Data excerpts
----------
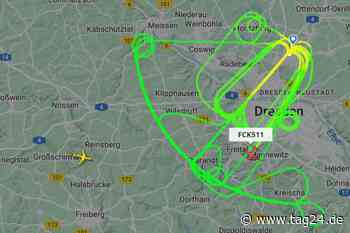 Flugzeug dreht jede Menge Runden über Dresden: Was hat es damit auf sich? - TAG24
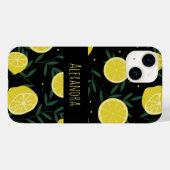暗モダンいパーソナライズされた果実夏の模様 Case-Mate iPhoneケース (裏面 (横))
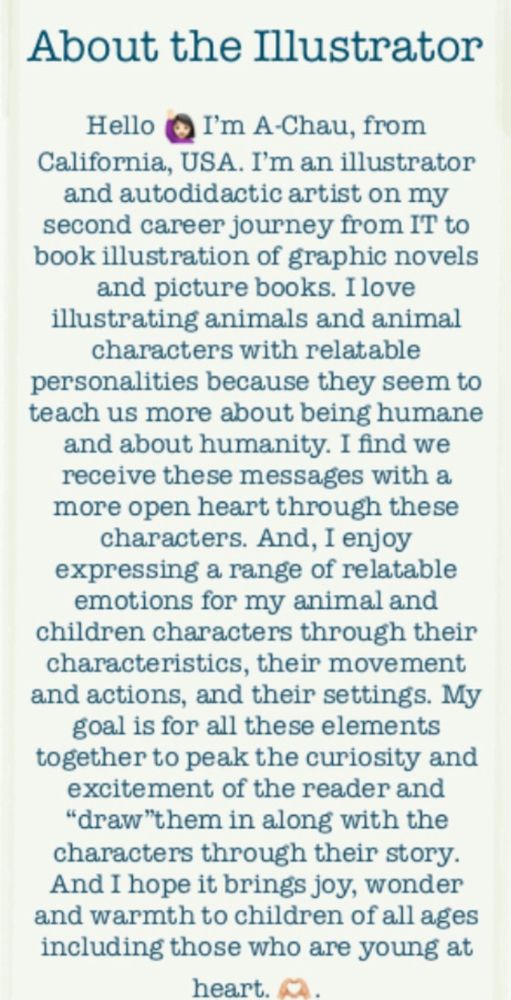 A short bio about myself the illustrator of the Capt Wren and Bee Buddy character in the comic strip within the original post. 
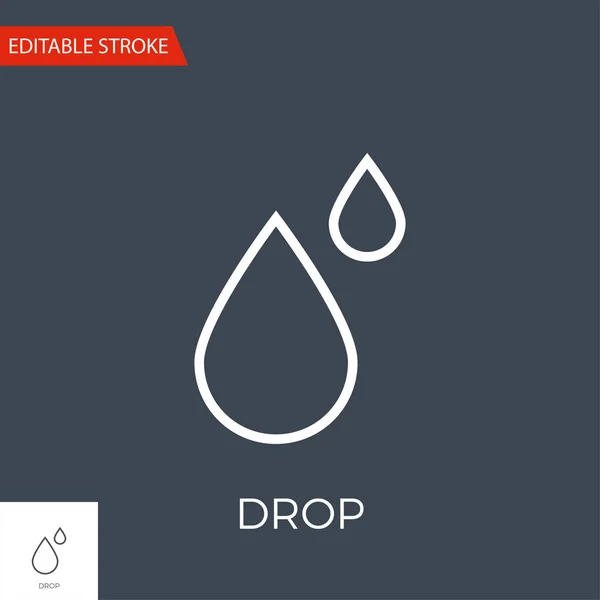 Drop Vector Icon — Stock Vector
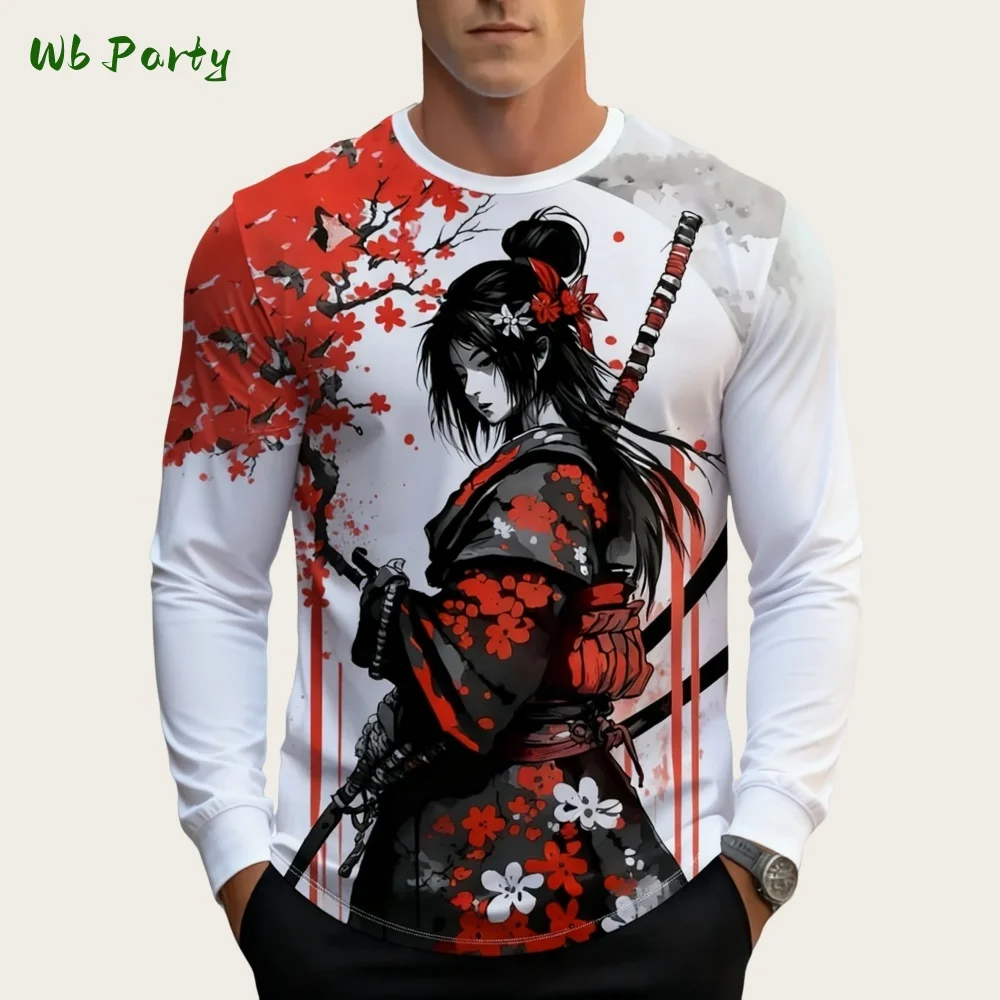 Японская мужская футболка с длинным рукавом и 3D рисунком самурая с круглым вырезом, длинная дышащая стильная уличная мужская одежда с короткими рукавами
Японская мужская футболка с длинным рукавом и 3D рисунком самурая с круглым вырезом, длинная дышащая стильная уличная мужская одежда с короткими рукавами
----------
Exercise objective
All of the entries must be reproduced exactly, with no pictures kept.

Answer to the problem
 Flugzeug dreht jede Menge Runden über Dresden: Was hat es damit auf sich? - TAG24
暗モダンいパーソナライズされた果実夏の模様 Case-Mate iPhoneケース (裏面 (横))
 A short bio about myself the illustrator of the Capt Wren and Bee Buddy character in the comic strip within the original post. 
 Drop Vector Icon — Stock Vector
 Японская мужская футболка с длинным рукавом и 3D рисунком самурая с круглым вырезом, длинная дышащая стильная уличная мужская одежда с короткими рукавами
Японская мужская футболка с длинным рукавом и 3D рисунком самурая с круглым вырезом, длинная дышащая стильная уличная мужская одежда с короткими рукавами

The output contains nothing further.